Ebony mag salutes the 18 black women running for Congress, leaves off the 6 Conservative ones

According to the popular African American magazine Ebony, the six black Republican women running for Congress apparently aren’t black enough to qualify for what was supposed to be a “definitive” list of all black women running for office this election season.

“Meet the 18 Black Women Running for a Seat in Congress,” the title of the list published earlier this month by magazine Ebony reads.

“This midterm election is one to watch with all 435 seats in the U.S. House up for grabs. Meet the 18 Black women vying for a congressional seat,” the piece begins, before listing 18 black political candidates, all of whom happen to be Democrats.

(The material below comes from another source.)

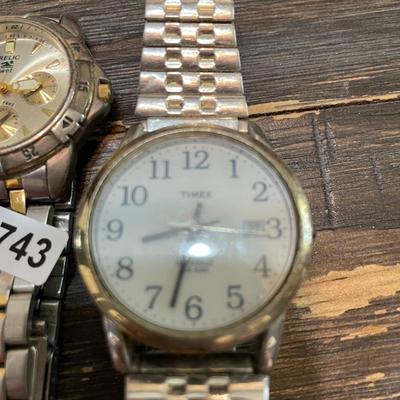 2 men’s watches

According to The Daily Caller, the list neglected to mention California Republican candidate Aja Smith, Florida Republican candidate Virginia Fuller, Maryland Republican candidate Liz Matory, New York Republican candidate Jineea Butler and Utah Republican incumbent Rep. Mia Love , and Charlotte Bergmann running for Tennessee’s 9th Congressional District.

Why were they excluded? Many suspect it’s because of the disturbing belief among some that blacks who associate with the Republican Party are “coons” and “Uncle Toms.” It’s a sentiment former House Republican Conference chair J.C. Watts of Oklahoma knows plenty about.

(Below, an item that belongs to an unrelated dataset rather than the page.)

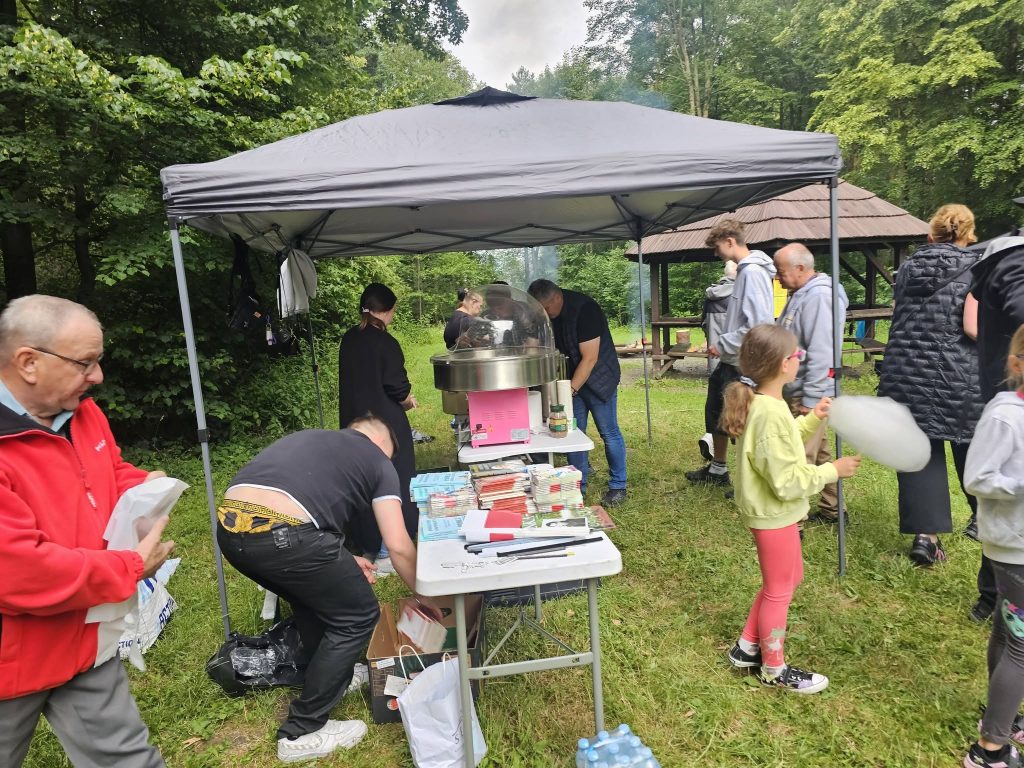 Poczestunek i wata cukrowa podczas ogniska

“It doesn’t matter whether it is Colin Powell or Condoleezza Rice, Shelby Steele, Thomas Sowell, Clarence Thomas, or yours truly — we have all been labeled expedients, Uncle Toms, oreos, sell-outs, traitors to our race, and other equally uncomplimentary characterizations,” he wrote in his 2002 book, “What Color Is A Conservative?”

“Most of all, however, critics of black conservatives say we’ve forgotten where we came from. I may forget a federal budget number or, God forbid, to set the alarm clock for my weekly 6 a.m. flight to Washington, but I know exactly where I came from. I know because every decision I make every day is based on the values and lessons I learned growing up on the poor side of the tracks in a dusty little Oklahoma town that most people have never heard of and nobody can spell right the first time.”

While this frustration with being disrespected for being a conservative minority has been breeding for decades, only now has it begun to be exposed to light, thanks in part to efforts by firebrand conservative activists such as Candace Owens.

Though she herself isn’t a politician, Owens has made a name for herself as a proud black conservative and supporter of President Donald Trump — one who refuses to be disrespected and silenced with derogatory terms like “Uncle Tom” and coon”:

It’s perhaps because of the likes of Owen — more of whom emerge every single day — that Ebony appears to be facing an unprecedented amount of backlash for its discriminatory post.